• **Task to complete**: Your task is to transcribe each record exactly and to omit every image.

• **Data for this exercise**:
○ ○ ○

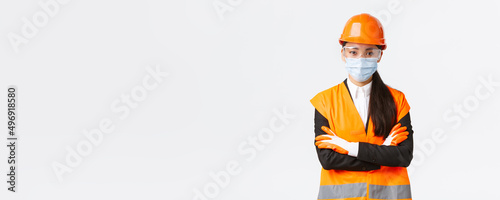 Covid-19 safety protocol at enterpise, construction and preventing virus concept. Confident asian female chief engineer looking how workers follow protocol during coronavirus, wear face mask photo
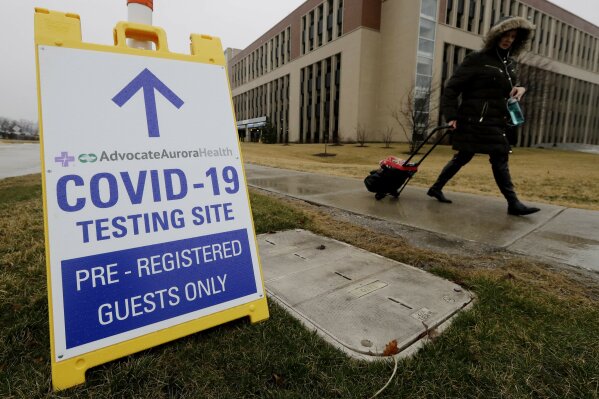 FILE - In this Wednesday, March 18, 2020 file photo, a pedestrian walks past a COVID-19 testing sign at Advocate Lutheran General Hospital in Park Ridge, Ill. Some bored with the limitations of the term "COVID-19" and the even clunkier name of the virus that causes it — severe acute respiratory syndrome coronavirus 2 — have come up with their own shorthand. On Thursday, Eric Acton, a linguist at Eastern Michigan University, said, “One of my students just referred to the virus as “The Ronies,” after a research group meeting conducted virtually. (AP Photo/Nam Y. Huh)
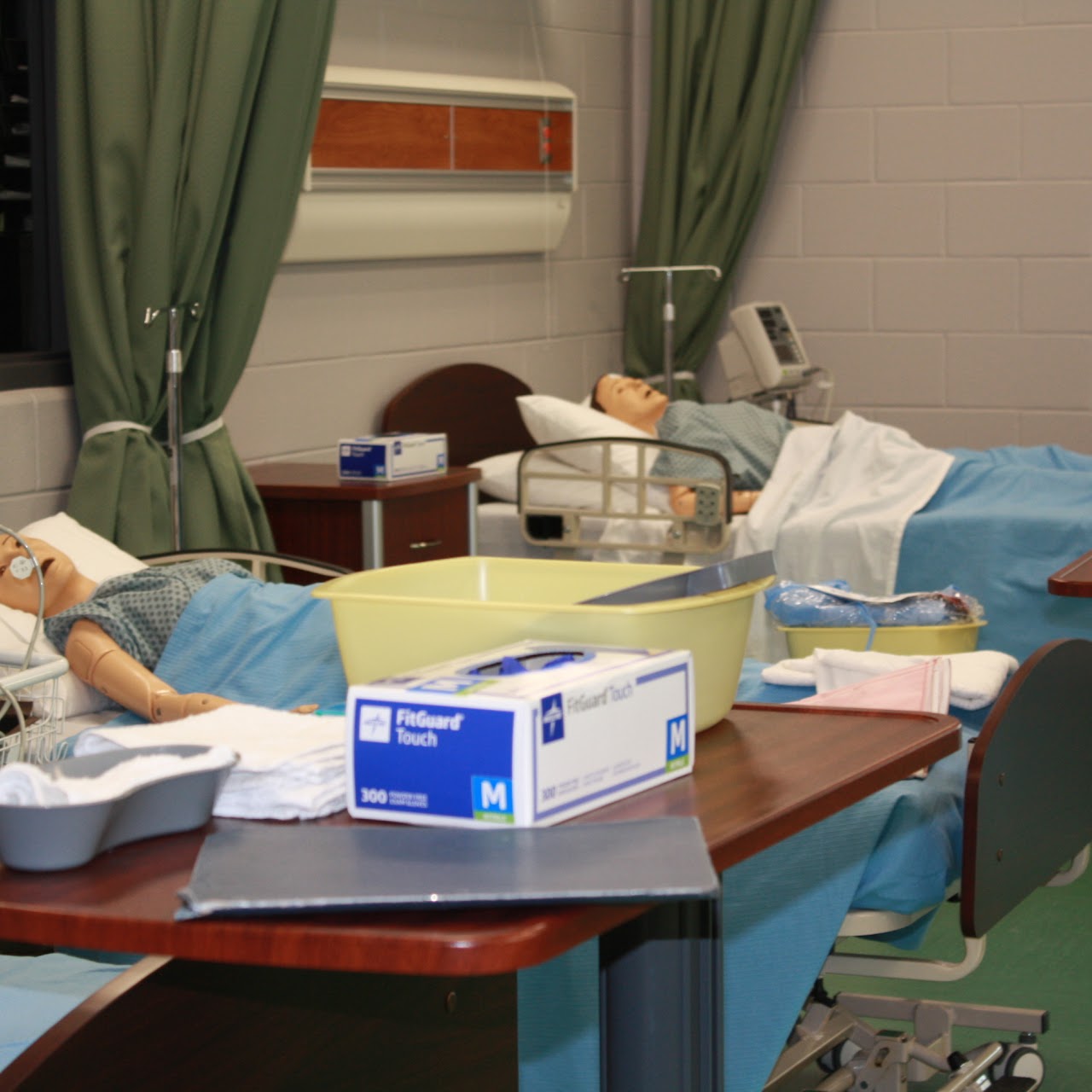 beds of mannequin patients in a hospital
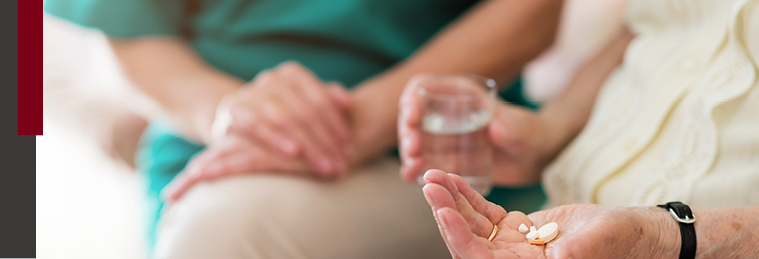 Nurse holding older patients hand as they hold pills and a glass of water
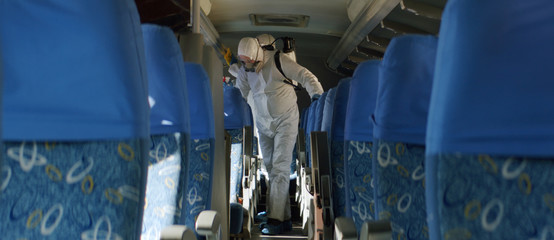 HazMat team in protective suits decontaminating public transport tourist bus interior during virus...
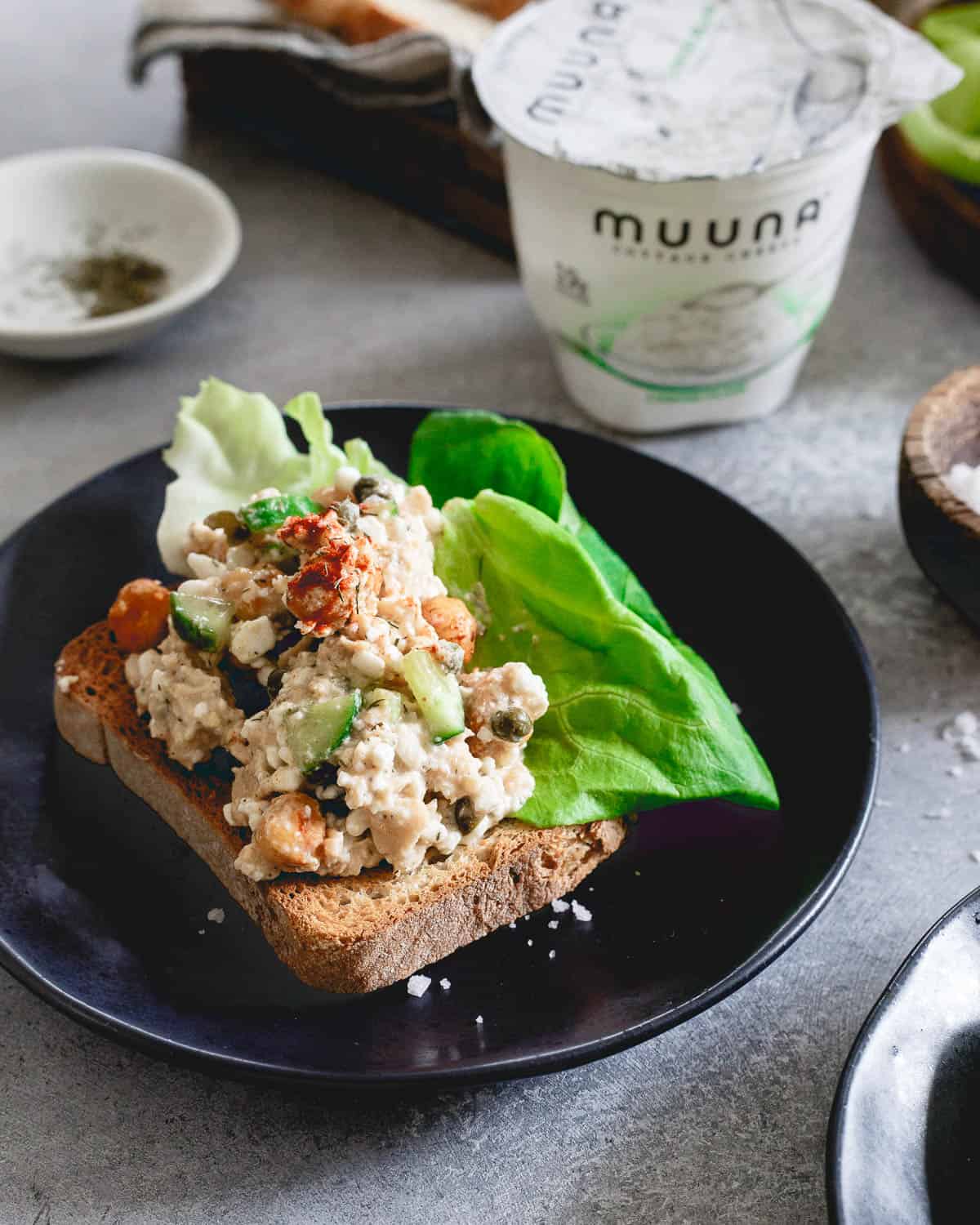 This easy salmon salad is a protein packed, nutritious and flavorful lunch made with fresh dill, lemon, dijon mustard, salty capers, smoky roasted chickpeas and cottage cheese. Serve it on some toasted bread or in lettuce wraps.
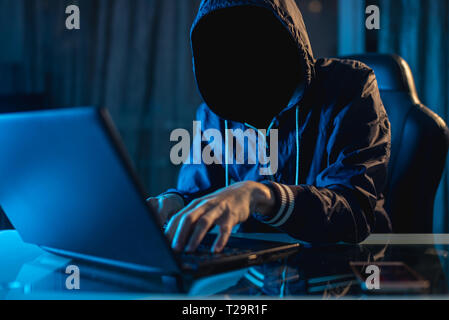 Anonymous hacker programmer uses a laptop to hack the system in the dark. Creation and infection of malicious virus. The concept of cybercrime and hac Stock Photo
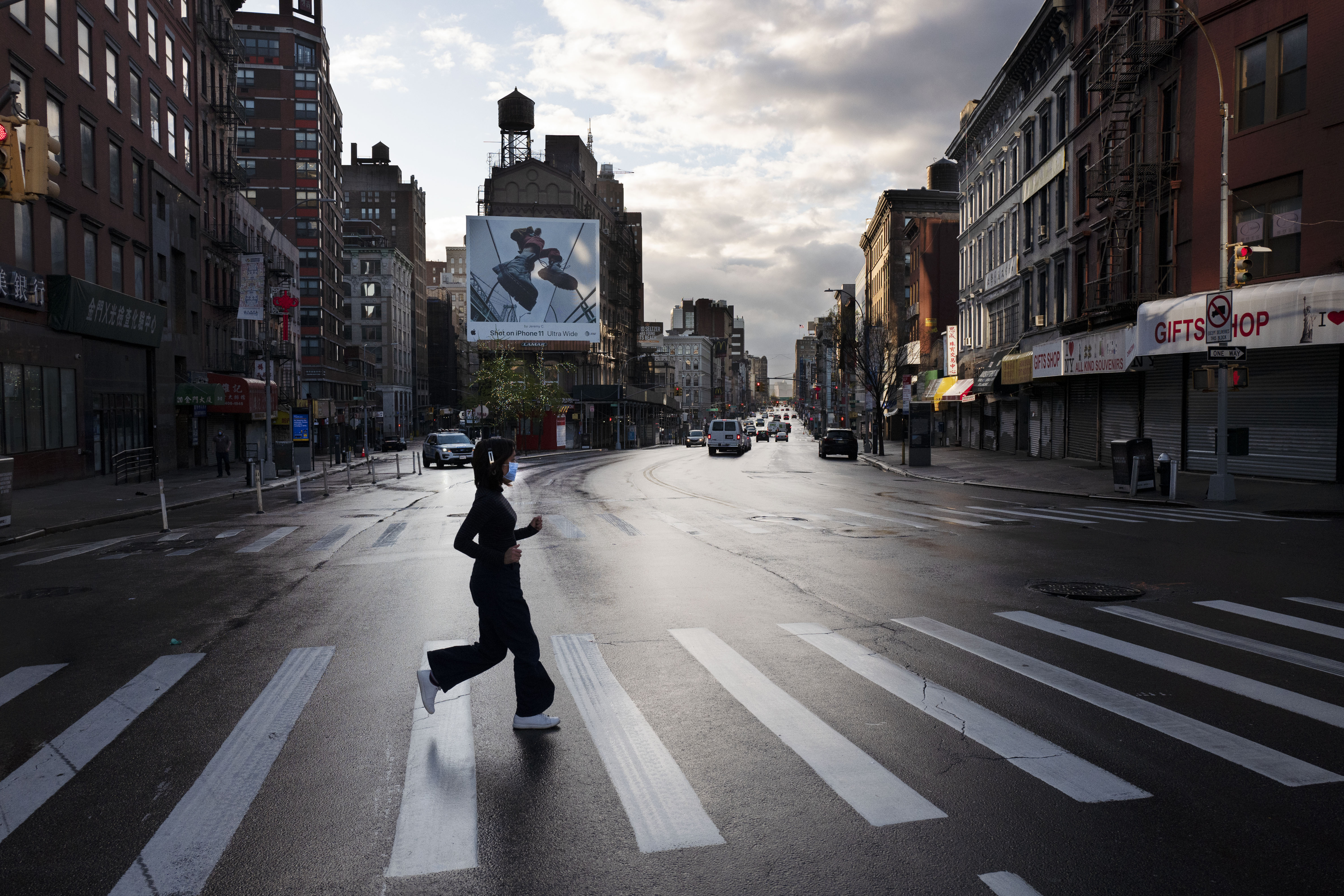 A woman wearing a mask jogs across a quiet section of Canal Street during the coronavirus pandemic Monday, April 13, 2020, in New York. Canal Street is normally packed with bumper-to-bumper traffic and pedestrians during the evening rush hour. (AP Photo/Mark Lennihan)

○ ○ ○

• **Solution**:
 Covid-19 safety protocol at enterpise, construction and preventing virus concept. Confident asian female chief engineer looking how workers follow protocol during coronavirus, wear face mask photo
 FILE - In this Wednesday, March 18, 2020 file photo, a pedestrian walks past a COVID-19 testing sign at Advocate Lutheran General Hospital in Park Ridge, Ill. Some bored with the limitations of the term "COVID-19" and the even clunkier name of the virus that causes it — severe acute respiratory syndrome coronavirus 2 — have come up with their own shorthand. On Thursday, Eric Acton, a linguist at Eastern Michigan University, said, “One of my students just referred to the virus as “The Ronies,” after a research group meeting conducted virtually. (AP Photo/Nam Y. Huh)
 beds of mannequin patients in a hospital
 Nurse holding older patients hand as they hold pills and a glass of water
 HazMat team in protective suits decontaminating public transport tourist bus interior during virus...
 This easy salmon salad is a protein packed, nutritious and flavorful lunch made with fresh dill, lemon, dijon mustard, salty capers, smoky roasted chickpeas and cottage cheese. Serve it on some toasted bread or in lettuce wraps.
 Anonymous hacker programmer uses a laptop to hack the system in the dark. Creation and infection of malicious virus. The concept of cybercrime and hac Stock Photo
 A woman wearing a mask jogs across a quiet section of Canal Street during the coronavirus pandemic Monday, April 13, 2020, in New York. Canal Street is normally packed with bumper-to-bumper traffic and pedestrians during the evening rush hour. (AP Photo/Mark Lennihan)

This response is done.